* [EXERCISE INPUT]
■ ■ ■ ■ ■ ■ ■
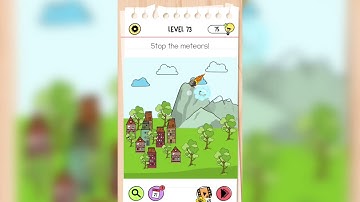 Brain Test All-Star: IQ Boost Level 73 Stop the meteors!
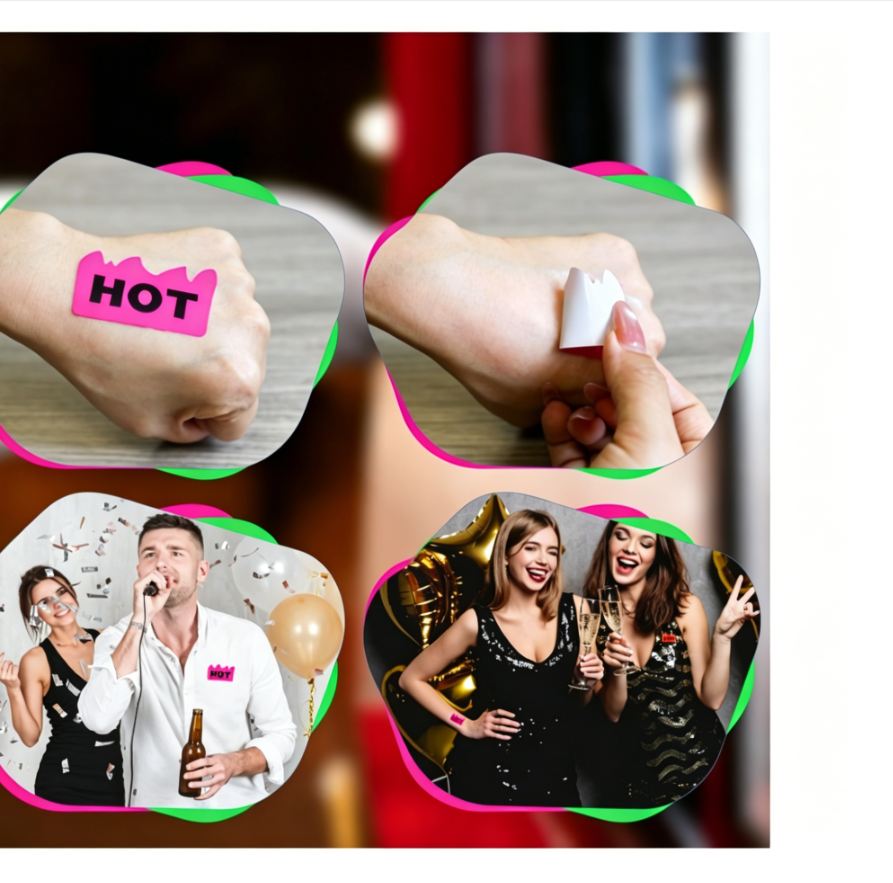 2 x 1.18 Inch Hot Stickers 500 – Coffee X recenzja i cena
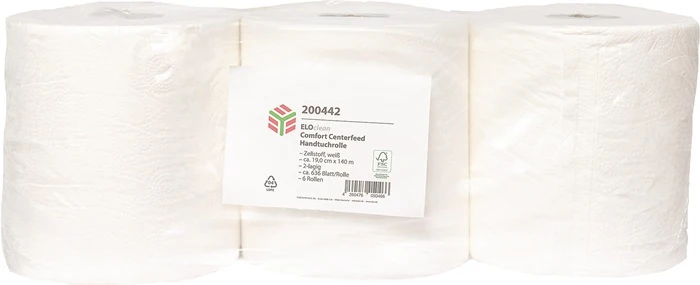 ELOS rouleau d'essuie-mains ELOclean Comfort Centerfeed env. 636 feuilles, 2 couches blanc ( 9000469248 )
■ ■ ■ ■ ■ ■ ■
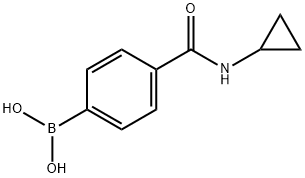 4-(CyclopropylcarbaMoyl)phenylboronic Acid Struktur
■ ■ ■ ■ ■ ■ ■
* [WORK ITEM]
The lines above from the line with "Brain Test All-Star: IQ" through the line with "ELOS rouleau d'essuie-mains" are to be given again word for word, with no pictures among them.

* [RESULT OF THE EXERCISE]
 Brain Test All-Star: IQ Boost Level 73 Stop the meteors!
 2 x 1.18 Inch Hot Stickers 500 – Coffee X recenzja i cena
 ELOS rouleau d'essuie-mains ELOclean Comfort Centerfeed env. 636 feuilles, 2 couches blanc ( 9000469248 )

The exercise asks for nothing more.